トピック - 【基礎研究】Gene expression-based discovery of atovaquone as a STAT3 inhibitor and anti-cancer agent.
書誌情報：Xiang M,et al. 2016 Aug 16. Pubmed
The oncogenic transcription factor signal transducer and activator of transcription 3 (STAT3) is frequently activated inappropriately in a wide range of hematological and solid cancers, but clinically-available therapies targeting STAT3 are lacking. Using a computational strategy to identify compounds opposing the gene expression signature of STAT3, we discovered atovaquone (Mepron™), an FDA-approved anti-microbial, to be a potent STAT3 inhibitor. We show that, at drug concentrations routinely achieved clinically in human plasma, atovaquone inhibits STAT3 phosphorylation, the expression of STAT3 target genes, and the viability of STAT3-dependent hematological cancer cells. These effects were also observed with atovaquone treatment of primary blasts isolated from patients with acute myelogenous leukemia or acute lymphocytic leukemia. Atovaquone is not a kinase inhibitor, but instead rapidly and specifically downregulates cell-surface expression of glycoprotein 130 (gp130), which is required for STAT3 activation in multiple contexts.
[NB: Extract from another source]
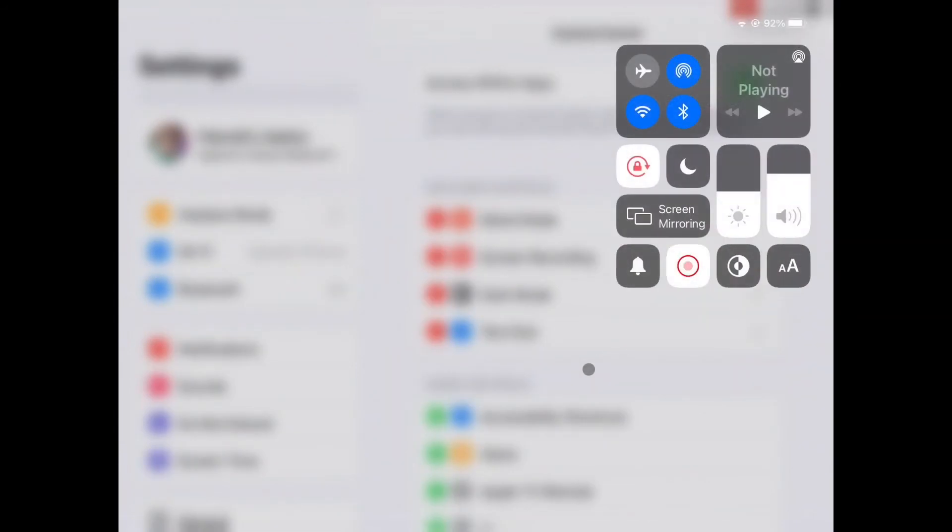Now you can instantly adjust the text size from the Control Center by swiping the bar up or down.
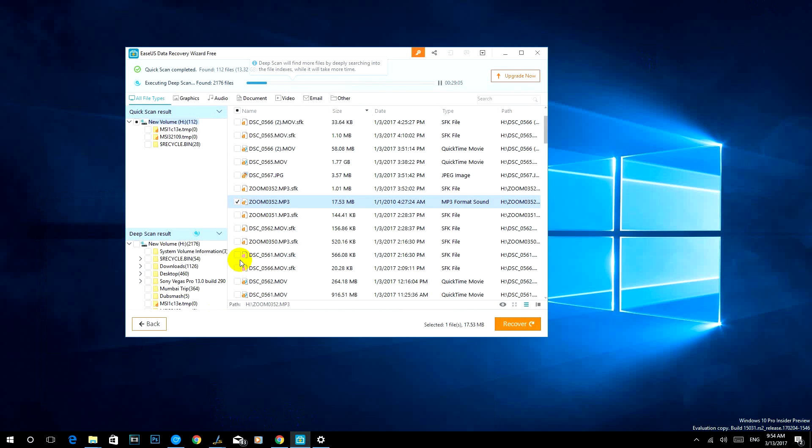Hope this video was useful and if you plan to recover some data we have the link available in the description of this video where you can download this free tool and recover up to 2 gigabytes of data. If you want the pro version you can just buy the pro version at $70.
The administration of oral atovaquone to mice inhibited tumor growth and prolonged survival in a murine model of multiple myeloma. Finally, in patients with acute myelogenous leukemia treated with hematopoietic stem cell transplantation, extended use of atovaquonefor Pneumocystis prophylaxis was associated with improved relapse-free survival. These findings establish atovaquone as a novel, clinically-accessible STAT3 inhibitor with evidence of anti-cancer efficacy in both animal models and humans.